Reply to post: Re: Shambolic

Home Office cops an earful for emergency network feck-ups - £3bn overbudget and 3 years late

Commswonk

Re: Shambolic

Add to that coverage is till pathetic - if you cannot use a EE cellphone on 4G somewhere, this system won't work.

It's not just coverage; it's also capacity - the capacity to handle normal "civil" traffic while still handling a potentially high emergency services demand in the event of a major incident.

They have not started the aircraft (helicopter) coverage part. This was hard enough in TETRA as an aircraft has line of sight to too many base stations. My suspicion is that it will require a new overlay network, not costed yet.

It was a problem with TETRA, but IIRC the matter was resolved in software by forcing airborne terminals to ignore the majority of fixed sites (or timeslots within sites) and vice versa.

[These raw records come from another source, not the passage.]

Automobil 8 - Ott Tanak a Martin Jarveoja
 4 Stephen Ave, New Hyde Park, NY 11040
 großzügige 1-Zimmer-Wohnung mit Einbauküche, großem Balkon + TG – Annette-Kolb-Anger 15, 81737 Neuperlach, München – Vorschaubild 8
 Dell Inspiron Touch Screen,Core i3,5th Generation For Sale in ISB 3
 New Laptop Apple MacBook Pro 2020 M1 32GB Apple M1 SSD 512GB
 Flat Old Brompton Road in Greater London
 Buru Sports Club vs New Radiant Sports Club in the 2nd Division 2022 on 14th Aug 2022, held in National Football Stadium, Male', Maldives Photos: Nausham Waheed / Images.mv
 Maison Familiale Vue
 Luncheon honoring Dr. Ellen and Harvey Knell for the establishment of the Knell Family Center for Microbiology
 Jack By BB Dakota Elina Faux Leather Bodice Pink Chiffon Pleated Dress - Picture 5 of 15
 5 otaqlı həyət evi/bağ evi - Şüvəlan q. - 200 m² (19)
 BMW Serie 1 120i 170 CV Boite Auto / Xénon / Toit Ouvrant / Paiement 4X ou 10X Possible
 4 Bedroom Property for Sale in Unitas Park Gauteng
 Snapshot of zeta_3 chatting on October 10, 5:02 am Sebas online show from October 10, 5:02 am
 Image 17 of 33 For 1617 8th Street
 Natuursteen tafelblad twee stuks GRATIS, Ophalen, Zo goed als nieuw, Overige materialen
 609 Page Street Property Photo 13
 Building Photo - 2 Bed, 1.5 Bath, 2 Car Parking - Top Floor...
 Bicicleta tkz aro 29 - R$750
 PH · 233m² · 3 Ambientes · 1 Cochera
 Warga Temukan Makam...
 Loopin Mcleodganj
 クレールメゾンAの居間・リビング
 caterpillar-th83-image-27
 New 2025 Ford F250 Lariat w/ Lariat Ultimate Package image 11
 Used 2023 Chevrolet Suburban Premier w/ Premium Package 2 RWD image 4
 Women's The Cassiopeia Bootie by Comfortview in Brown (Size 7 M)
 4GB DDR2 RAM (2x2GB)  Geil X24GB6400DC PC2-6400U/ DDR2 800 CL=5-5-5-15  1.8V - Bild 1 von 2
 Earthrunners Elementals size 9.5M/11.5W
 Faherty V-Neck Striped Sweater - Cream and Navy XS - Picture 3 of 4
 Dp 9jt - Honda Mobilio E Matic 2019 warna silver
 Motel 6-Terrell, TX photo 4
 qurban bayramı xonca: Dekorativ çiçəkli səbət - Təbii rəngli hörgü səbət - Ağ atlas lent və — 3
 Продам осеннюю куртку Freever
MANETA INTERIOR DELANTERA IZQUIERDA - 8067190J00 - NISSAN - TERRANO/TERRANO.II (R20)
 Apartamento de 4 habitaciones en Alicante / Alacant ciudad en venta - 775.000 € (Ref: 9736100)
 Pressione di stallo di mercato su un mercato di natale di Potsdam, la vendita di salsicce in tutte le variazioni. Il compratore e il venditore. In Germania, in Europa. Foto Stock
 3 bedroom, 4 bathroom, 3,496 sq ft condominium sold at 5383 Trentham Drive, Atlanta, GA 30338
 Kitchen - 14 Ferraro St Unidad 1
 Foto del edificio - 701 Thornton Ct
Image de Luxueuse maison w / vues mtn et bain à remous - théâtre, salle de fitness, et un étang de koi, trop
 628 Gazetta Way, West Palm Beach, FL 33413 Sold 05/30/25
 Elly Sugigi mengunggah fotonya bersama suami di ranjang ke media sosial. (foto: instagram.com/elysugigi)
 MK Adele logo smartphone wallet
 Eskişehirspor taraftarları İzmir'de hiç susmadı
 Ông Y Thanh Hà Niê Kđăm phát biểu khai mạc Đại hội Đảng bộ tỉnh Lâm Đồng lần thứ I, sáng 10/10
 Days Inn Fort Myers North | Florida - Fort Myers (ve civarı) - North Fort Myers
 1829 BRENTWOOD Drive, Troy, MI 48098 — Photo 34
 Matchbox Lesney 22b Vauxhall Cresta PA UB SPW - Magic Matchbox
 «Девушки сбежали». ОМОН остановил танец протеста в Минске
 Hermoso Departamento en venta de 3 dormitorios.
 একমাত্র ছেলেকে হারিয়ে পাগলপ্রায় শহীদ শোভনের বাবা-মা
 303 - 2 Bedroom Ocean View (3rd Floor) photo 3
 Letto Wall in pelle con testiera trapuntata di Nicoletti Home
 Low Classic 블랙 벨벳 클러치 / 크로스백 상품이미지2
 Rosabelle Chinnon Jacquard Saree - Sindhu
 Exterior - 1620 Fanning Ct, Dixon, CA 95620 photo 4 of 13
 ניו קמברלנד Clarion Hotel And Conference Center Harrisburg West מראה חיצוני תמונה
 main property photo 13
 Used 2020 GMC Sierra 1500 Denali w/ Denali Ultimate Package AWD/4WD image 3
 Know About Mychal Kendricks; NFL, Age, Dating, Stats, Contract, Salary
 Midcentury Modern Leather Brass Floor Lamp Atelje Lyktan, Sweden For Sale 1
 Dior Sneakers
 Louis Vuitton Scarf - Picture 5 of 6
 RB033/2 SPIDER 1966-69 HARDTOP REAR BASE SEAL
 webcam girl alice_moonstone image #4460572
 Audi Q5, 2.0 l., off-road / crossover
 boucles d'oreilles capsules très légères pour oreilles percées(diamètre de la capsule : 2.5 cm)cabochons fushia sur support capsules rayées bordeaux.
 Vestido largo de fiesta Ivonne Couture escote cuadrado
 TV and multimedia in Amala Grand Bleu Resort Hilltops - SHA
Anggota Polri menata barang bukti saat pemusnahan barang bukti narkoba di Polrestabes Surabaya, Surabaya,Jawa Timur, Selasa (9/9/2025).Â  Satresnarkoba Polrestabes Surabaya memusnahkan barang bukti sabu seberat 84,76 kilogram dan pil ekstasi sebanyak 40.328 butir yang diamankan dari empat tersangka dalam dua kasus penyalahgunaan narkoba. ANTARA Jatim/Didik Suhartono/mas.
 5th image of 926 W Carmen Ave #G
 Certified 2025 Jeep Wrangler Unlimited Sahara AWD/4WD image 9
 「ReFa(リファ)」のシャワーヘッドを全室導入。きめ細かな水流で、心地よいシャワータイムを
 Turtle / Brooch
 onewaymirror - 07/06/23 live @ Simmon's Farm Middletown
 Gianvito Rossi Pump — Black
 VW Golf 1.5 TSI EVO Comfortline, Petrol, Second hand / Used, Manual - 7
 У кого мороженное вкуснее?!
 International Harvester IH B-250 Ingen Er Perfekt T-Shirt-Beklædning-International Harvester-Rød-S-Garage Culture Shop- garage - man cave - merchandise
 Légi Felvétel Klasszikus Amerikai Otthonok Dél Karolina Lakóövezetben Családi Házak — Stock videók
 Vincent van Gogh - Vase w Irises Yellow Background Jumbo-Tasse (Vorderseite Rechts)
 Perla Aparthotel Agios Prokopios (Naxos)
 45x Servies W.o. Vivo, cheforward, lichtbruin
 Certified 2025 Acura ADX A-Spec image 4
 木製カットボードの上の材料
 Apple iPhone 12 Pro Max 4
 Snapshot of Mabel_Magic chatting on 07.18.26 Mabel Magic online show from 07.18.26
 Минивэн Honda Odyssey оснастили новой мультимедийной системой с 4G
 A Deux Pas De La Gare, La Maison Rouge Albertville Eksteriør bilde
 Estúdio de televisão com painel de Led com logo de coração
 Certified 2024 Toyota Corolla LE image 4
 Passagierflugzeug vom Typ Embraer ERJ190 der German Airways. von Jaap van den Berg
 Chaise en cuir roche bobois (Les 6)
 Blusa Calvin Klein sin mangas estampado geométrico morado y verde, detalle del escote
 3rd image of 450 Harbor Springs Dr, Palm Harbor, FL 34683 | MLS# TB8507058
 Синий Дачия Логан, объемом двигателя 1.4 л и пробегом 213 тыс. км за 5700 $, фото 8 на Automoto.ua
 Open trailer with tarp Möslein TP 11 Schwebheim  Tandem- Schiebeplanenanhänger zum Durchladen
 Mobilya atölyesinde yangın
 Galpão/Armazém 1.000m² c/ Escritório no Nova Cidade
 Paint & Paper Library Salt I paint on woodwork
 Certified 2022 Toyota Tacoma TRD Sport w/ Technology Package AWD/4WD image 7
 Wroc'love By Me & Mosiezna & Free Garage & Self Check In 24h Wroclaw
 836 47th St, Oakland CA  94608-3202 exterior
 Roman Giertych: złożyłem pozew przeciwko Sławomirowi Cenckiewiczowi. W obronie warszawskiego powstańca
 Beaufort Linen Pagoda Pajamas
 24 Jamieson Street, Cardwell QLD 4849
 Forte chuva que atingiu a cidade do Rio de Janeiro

I've commented previously about politicians and technology not mixing well (if at all) but in this case the civil service is so heavily involved (as was bound to be the case) that there is almost no hope.

What became Airwave spent a long time in development (as PSRCP if memory serves) back in the mid to late 90s with proper proof of concept trials and all the rest of it before any major contracts being placed. Even then some promised caabilities never materialised because they were too demanding of time and bandwidth and were thus incompatible with ordinary speech traffic. Sales triumphing over engineering realities once again...

I suspect that in the case of ESN engineering realities were firmly locked out of any discussions so that only Sales were involved, with the consequences being all too predictable. As far as I can see contracts were awarded without anyone being required to demonstrate a pilot system or equipment working, and the outcome is that with a lot of time having passed and a lot of money spent we are no closer to having a working system rolling out than we were several years ago.

One thing ought to emerge at the end of it; a classic object lesson in failed procurement that can be studied in minute detail without any significant chance of the same blunders being avoided on some future project.